ーそういった活動の中、2000年後半には「CircularTone Records」の設立や「unsuspected monogram」での活動等、これまでとは違ったアプローチをされている印象を受けました。

それまでずっと音楽の仕事をしてきて、自分自身で「これはやっちゃいけない」「こういうことをやってないといけない」みたいな縛りを作ってしまっていて、そろそろそういったことを関係なくやっちゃっても良いんじゃないかっていうのがありましたね。例えばレコード会社を始めるにしても今までレコード会社と仕事してきた人間としてはそういうの始められないとか、新しいバンド始めるにしても縛りがあるとって考えると…好きなことやろうかなって思ったタイミングでしたね。

ー2010年に始められた「goodnight to followers」もそういった想いでのアプローチだったのでしょうか?

そうですね、たまたま「sound cloud」を知ってこれ面白いなって思ったのが最初です。で1回作って載せてみたら評判が良くて、「これは毎晩続けたら面白いな」って(笑)しかも著作権フリーで。今までだったら音楽家がJASRAC無視して音楽をアップするって出来ないじゃないですか。で、出来る時代になってそれを続けた結果に何が起きるのか見てみたいなっていうのがありましたね。

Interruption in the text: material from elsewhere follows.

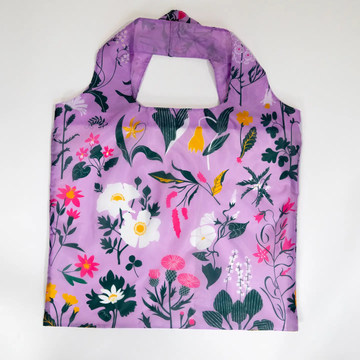 Floral Art Sack® By Banquet Workshop - Reusable Tote Bag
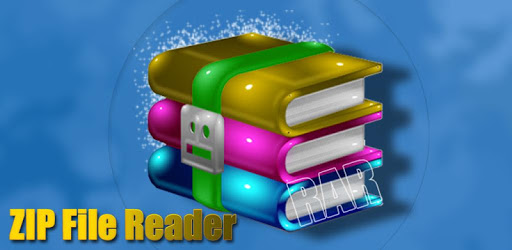 Zip File Reader PC screenshot Zip File Reader PC screenshot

ーまさか1111夜続けるとは思ってもいなかったですよね?

そうですね、続けていくうちにそれなりにプレッシャーがあって。例えば夜待ってくれている人がいたりとかするので。それにめげずに淡々と続ける自分もいて。ただ、最後の方は別に健康でさえあればいくらでも続けられるっていうことが見えちゃったんですね。じゃあ辞めてもいいかなって。

ー1111夜で終わりを迎えた4日後に再びアップされたのが意外だったのですが続けられていたときとは違う心境だったのではないかと思うのですが?

まあ、遊びですよね(笑)作り続けている間は段々遊びじゃなくて真剣になっていって。自分のライフワークみたいな感じでしたから。

ー8月9日に公表された”goodbye world”以降、入院・手術・退院と、その軌跡は既に様々なメディアを通じて公表されていますが、ブログにありました「ただ救いの無い情報が受け手に与える”力”が怖かった。」に対しての様々な反響の中で、受け取った人々の心、また行動には、悲観的なことよりもむしろ「これからの未来」を連想することが多かったように思いますが、佐久間さんご自身はこの”反響”をどのように感じられたのでしょうか?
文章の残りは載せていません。